(Data items)
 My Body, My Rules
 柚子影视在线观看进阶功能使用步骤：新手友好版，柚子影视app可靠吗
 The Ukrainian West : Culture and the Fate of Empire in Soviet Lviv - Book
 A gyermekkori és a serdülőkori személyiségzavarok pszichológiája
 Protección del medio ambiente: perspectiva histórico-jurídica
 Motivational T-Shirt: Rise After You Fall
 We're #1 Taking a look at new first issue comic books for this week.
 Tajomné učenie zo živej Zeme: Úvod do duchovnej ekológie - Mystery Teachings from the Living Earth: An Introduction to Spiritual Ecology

— Work item —
With nothing added or dropped, write out every entry.

— Response for this exercise —
 My Body, My Rules
 柚子影视在线观看进阶功能使用步骤：新手友好版，柚子影视app可靠吗
 The Ukrainian West : Culture and the Fate of Empire in Soviet Lviv - Book
 A gyermekkori és a serdülőkori személyiségzavarok pszichológiája
 Protección del medio ambiente: perspectiva histórico-jurídica
 Motivational T-Shirt: Rise After You Fall
 We're #1 Taking a look at new first issue comic books for this week.
 Tajomné učenie zo živej Zeme: Úvod do duchovnej ekológie - Mystery Teachings from the Living Earth: An Introduction to Spiritual Ecology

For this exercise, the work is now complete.